Pietro Labriola: Giorgio, let's start from the third one, then I will leave to Elio to answer to the first one. About the index, we will continue to discuss with the different, let me say, stakeholder about that because I think that this is a rational approach and sooner or later, my expectation is that also on the fiber business wholesale, it will be needed a kind of inflation index. If it will happen, it's quite clear that must be reflected also in the retail price. So this is not this year, but this is something mainly in Italy. I have to remember that it happened already in U.K., if I'm not wrong in Netherlands. So this is a trend in the market. Then let's remember that we have the lowest price in Europe. So I'm quite optimistic to that if it will not be this year, but sooner or later, it will happen. Related to the prices increase, I have to remember and then I will ask Andrea to give also more color that a part of the price increase that we did was with the kind of more formal approach, not in terms of giga because Italy has packaged with a huge amount of Giga, but about 5G. I have to say thank you also to Leo our CTO because we were able to move from the last place in the ranking for the 5G quality to the first place. And it allowed to Andrea also to do price up also based on the 5G., but we are still talking about what they tell the 5G of marketing, not real 5G with low latency, that will be the next step for a further price increase and we'll continue also next year with this kind of approach. About the sector consolidation, we are positive about that. It's clear that any kind of further simplification of the market structure is more than welcome. So let's take the window, we don't have to anticipate, but again, we have a clear idea about the possible scenario. Thanks to God, we are no more playing poker, but we are starting to play a chess game. And so every time we have to think what could be the further moves. And we have a clear understanding about what could be the different further moves that we have to act on in relation to the events about Deutsche Telekom, I leave it to Elio and then if Andrea wants to add something about the repricing, we will do and before to Elio and then to Andrea.
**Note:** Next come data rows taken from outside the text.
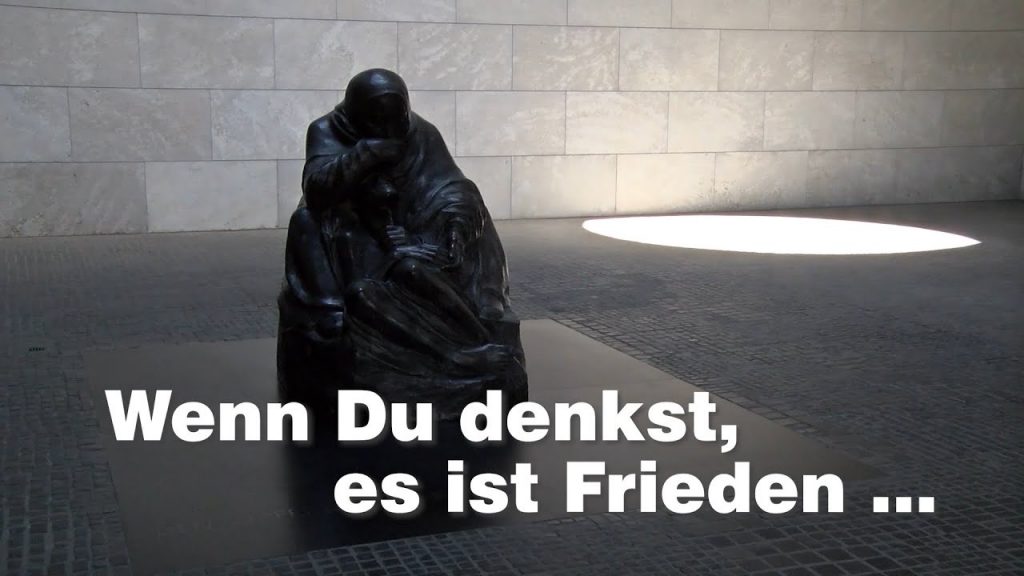 Wenn Du denkst...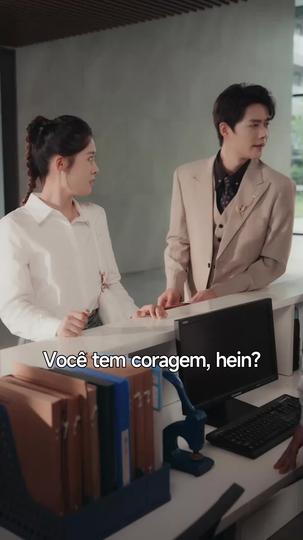 Casamento por Ordem Suprema 3Episódio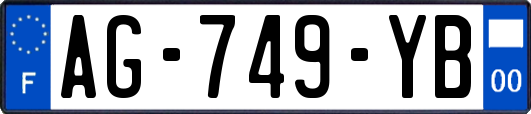 AG-749-YB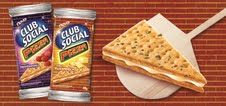 Club Social Pizza llegó para revolucionar el mercado de snacks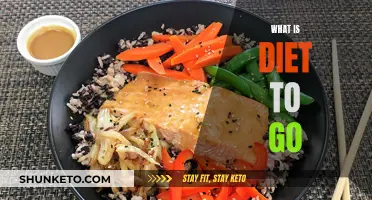 Diet-to-Go: Healthy, Affordable, and Convenient Meal Plans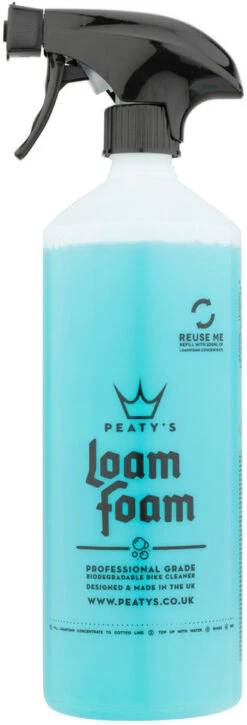 Limpiador De Bicicletas Loam Foam Bike Cleaner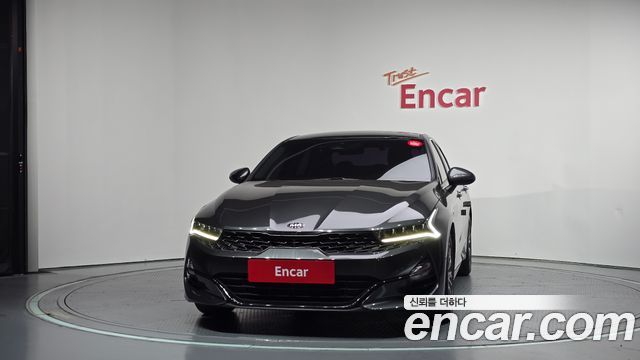 Kia K5 (III) 2.0 Prestige 2021 — фото 3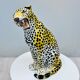 Decorative leopard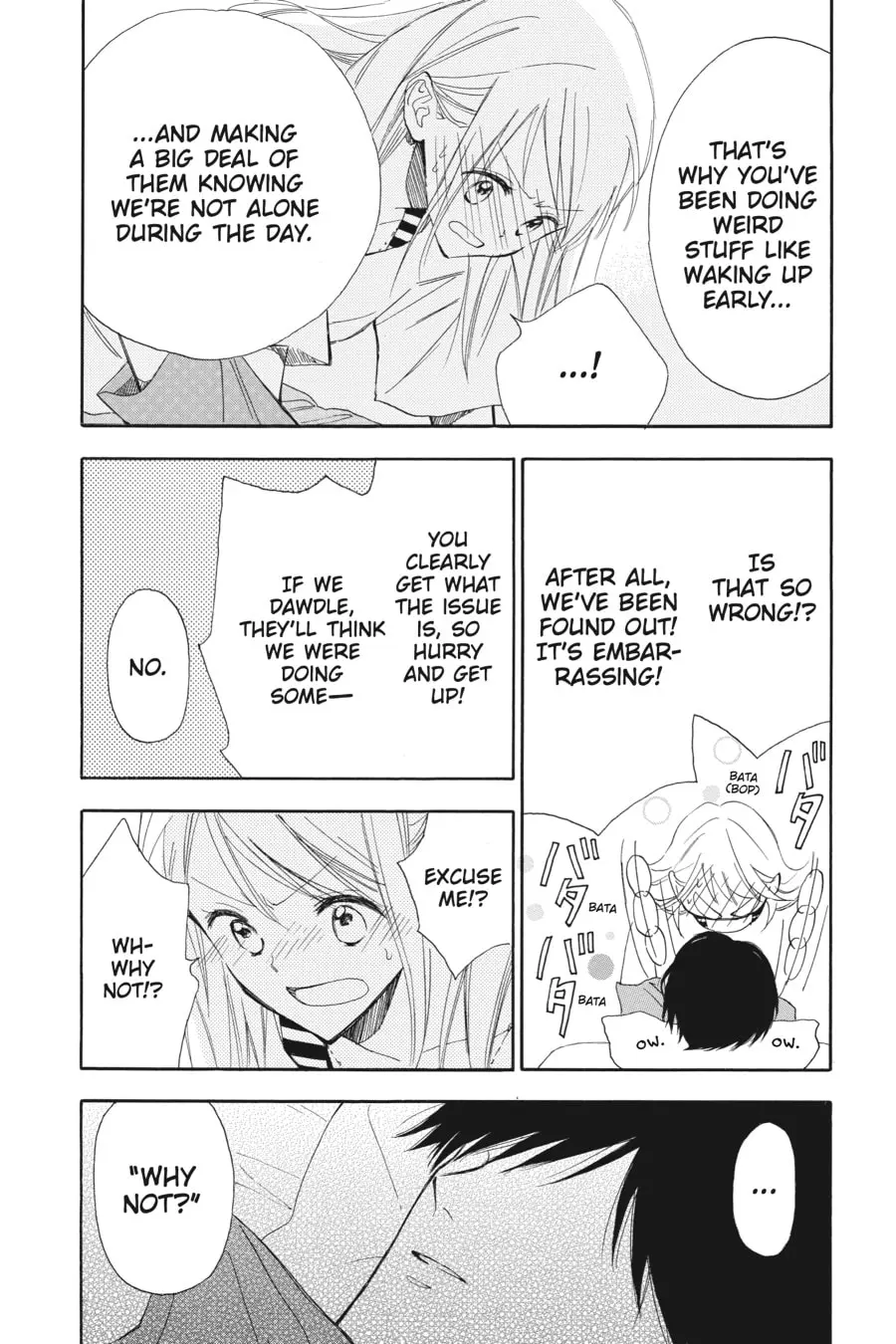 Mint Chocolate - Chapter 54 - Page 23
Elio Schiavo: Thanks, Pietro. So thanks for the questions. First of all, let me underline that this news about the partnership between Deutsche Telekom and NVIDIA confirms that the Telco industry is back again to the center of the innovation process. And this depends on -- basically on the fact that infrastructure, both the network and the colocation became and will be very, very relevant going forward because as you can imagine, majority of those new technologies will need a house where to stay and a network that can help them to move data at a very fast speed. So -- and we are at the center of that business environment. So in the country, as you mentioned, that there are many giga-motions we look at this in a very pragmatic way. First of all, there is nothing giga that can happen in this country without TIM being involved because at the very end, you need to connect to the market. We are the only one having bandwidth for doing it. And we are in talks with NVIDIA. And as I said, we are looking at this, trying to size how big is the effort, but more importantly, how big is the opportunity that can be taken together. Clearly, and the Deutsche Telekom is the clear example. It's very difficult for them to do this without having a big Telco on board and I guess we are the ones they want to deal with. But -- so we will -- we will try to understand, as I said, very pragmatically this what will mean. And the way we will measure this is what is the length, the duration, and the size of the ROI that we can extract both together from this business. But let's say, we are talking to them, and we do believe that there is a good opportunity to be taken.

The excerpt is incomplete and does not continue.